Short descriptive text snippets:
[Start of Attachment]

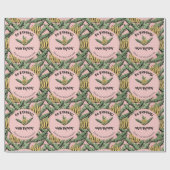 Exotic Pink Go Bananen Happy Birthday Dschungel Geschenkpapier (Flach)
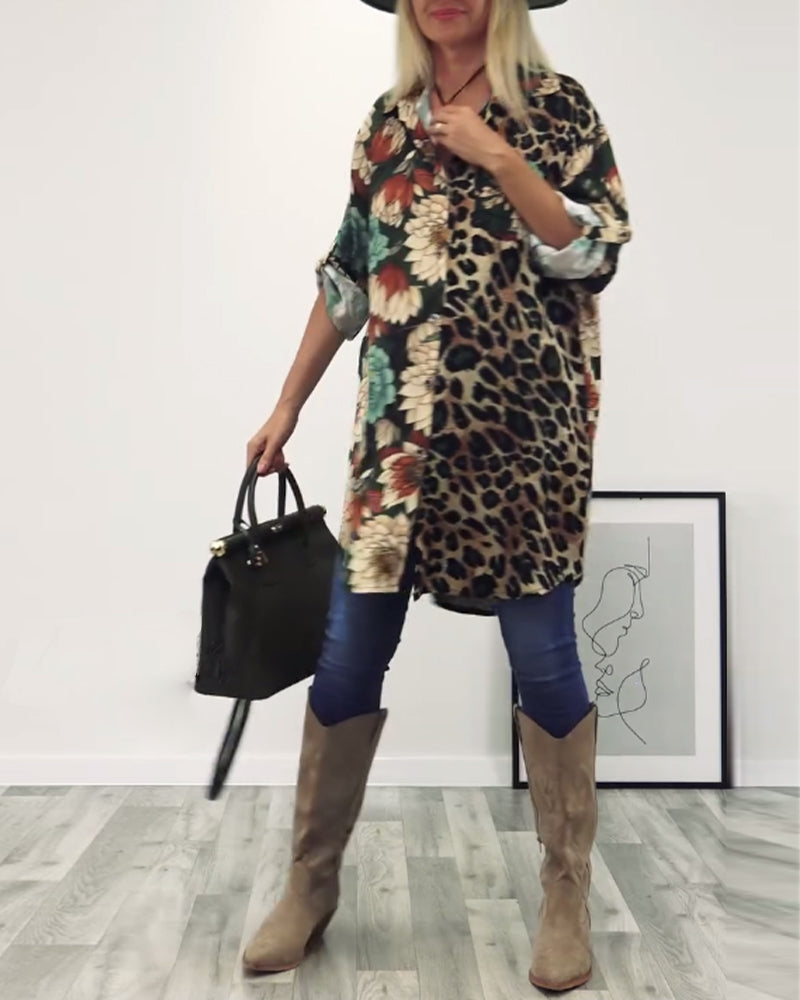 Revers collar shirt with patchwork and leopard print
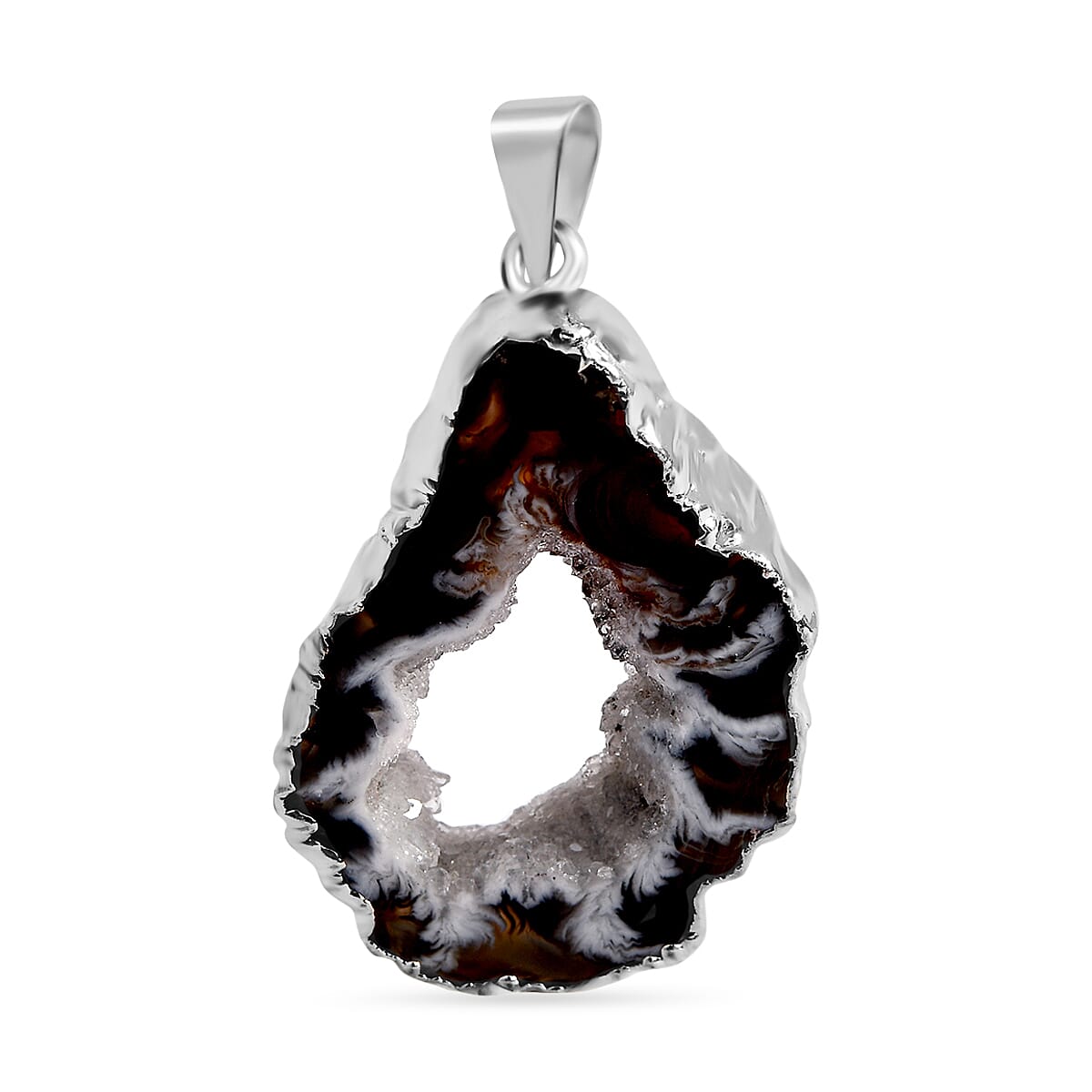 Agate Pendant without Chain in Silvertone 20.00 ctw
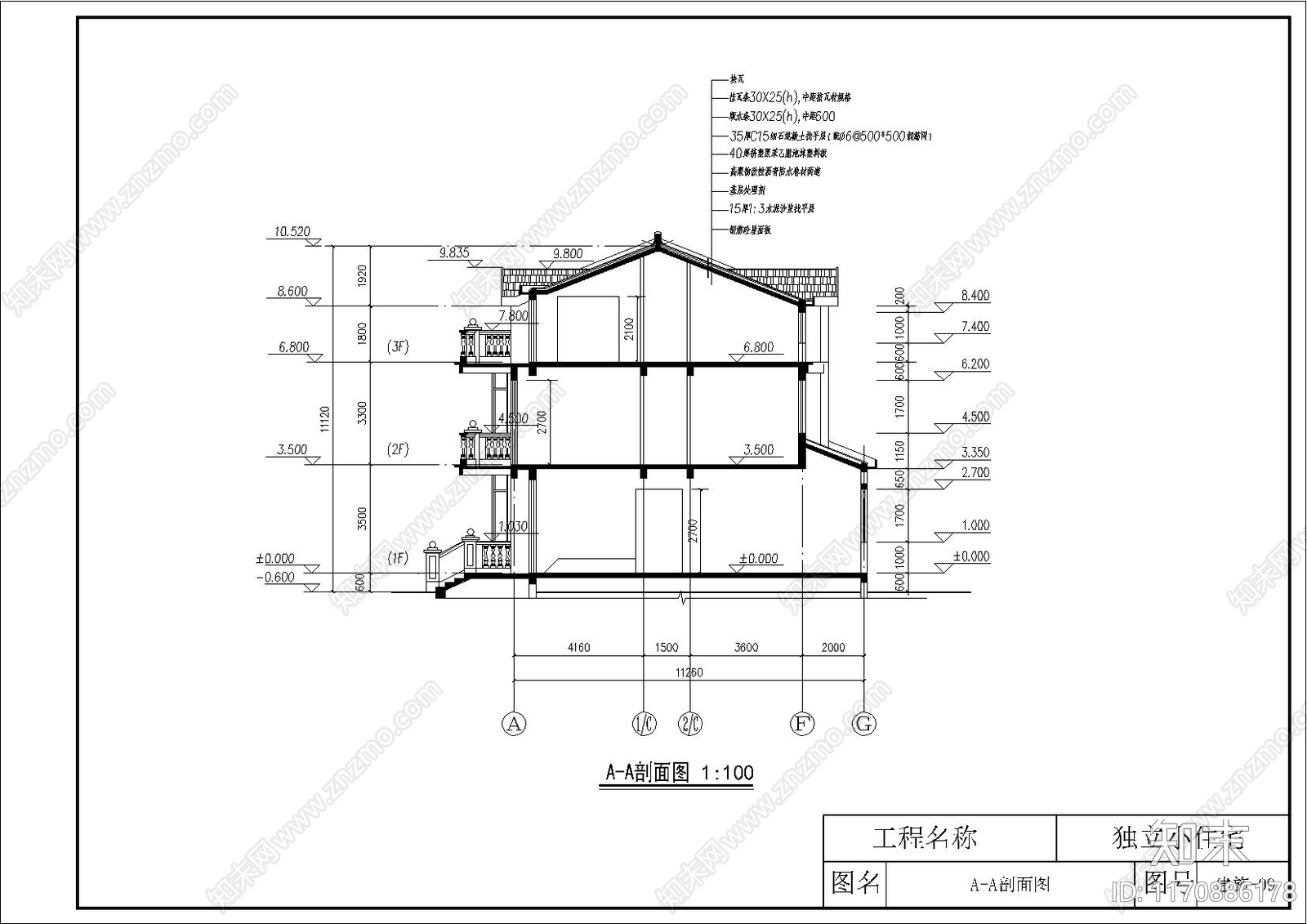 欧式别墅建筑cad施工图下载【ID:1170886178】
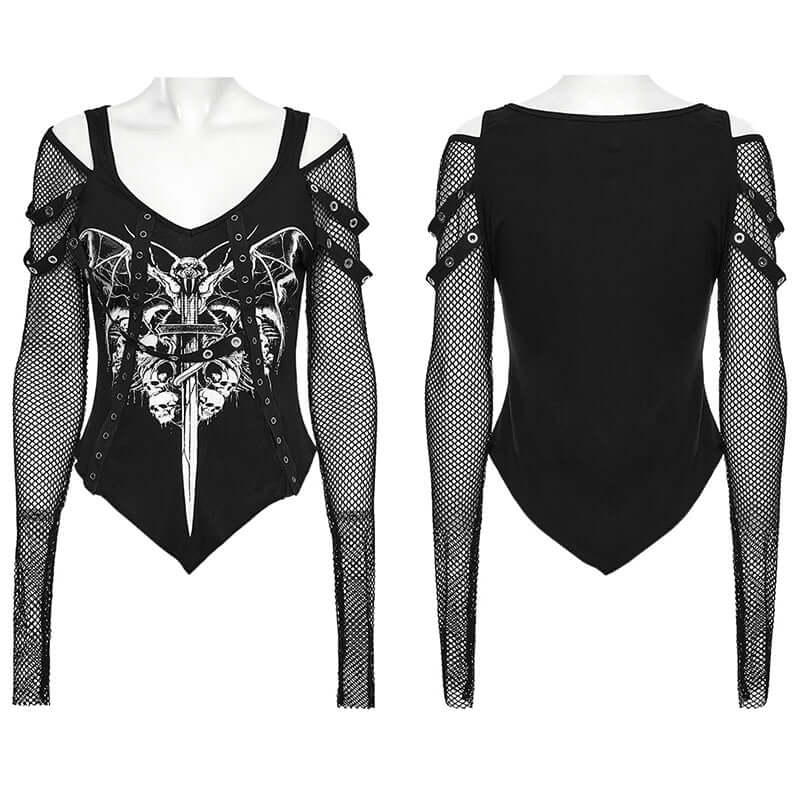 Back view of the Punk Rave Vonda t-shirt, demonstrating the decorative eyelet loops and snap closures that enhance its layered aesthetic.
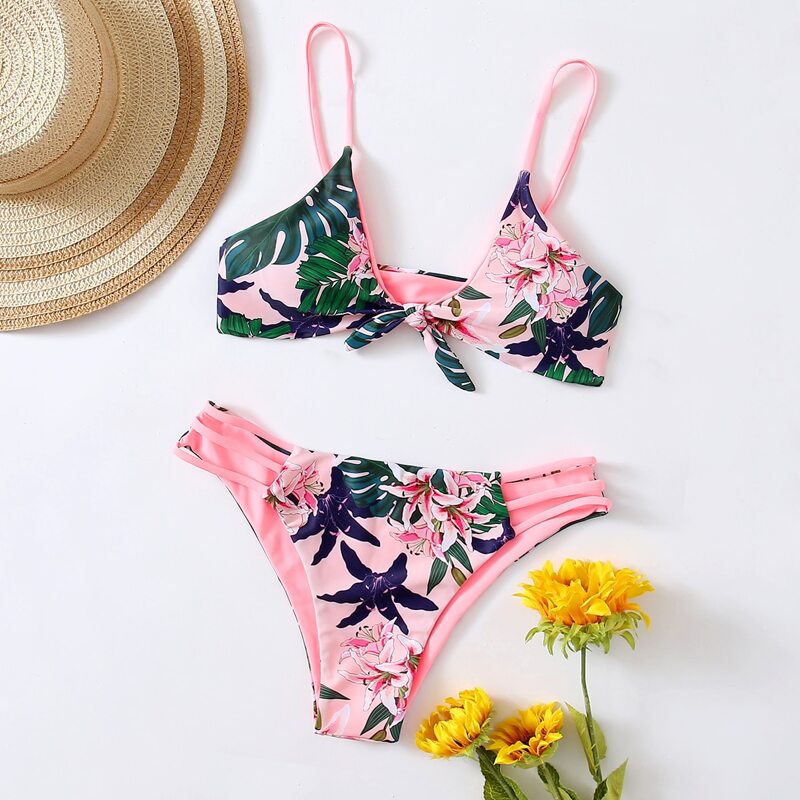 

Floral Cut Out Bikini Swimsuit, Multicolor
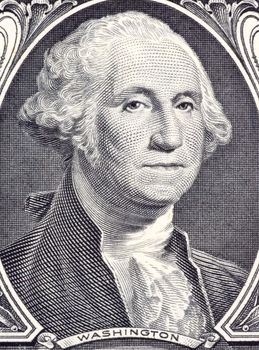 George Washington on 1 Dollar 2006 Banknote from USA. Commander of the continental army in the American revolutionary war during 1775-1783 and first president during 1789-1797.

[End of Attachment]

Return each of the lines exactly as they appear above, with no images.

> [Exercise response]
 Exotic Pink Go Bananen Happy Birthday Dschungel Geschenkpapier (Flach)
 Revers collar shirt with patchwork and leopard print
 Agate Pendant without Chain in Silvertone 20.00 ctw
 欧式别墅建筑cad施工图下载【ID:1170886178】
 Back view of the Punk Rave Vonda t-shirt, demonstrating the decorative eyelet loops and snap closures that enhance its layered aesthetic.

Floral Cut Out Bikini Swimsuit, Multicolor
 George Washington on 1 Dollar 2006 Banknote from USA. Commander of the continental army in the American revolutionary war during 1775-1783 and first president during 1789-1797.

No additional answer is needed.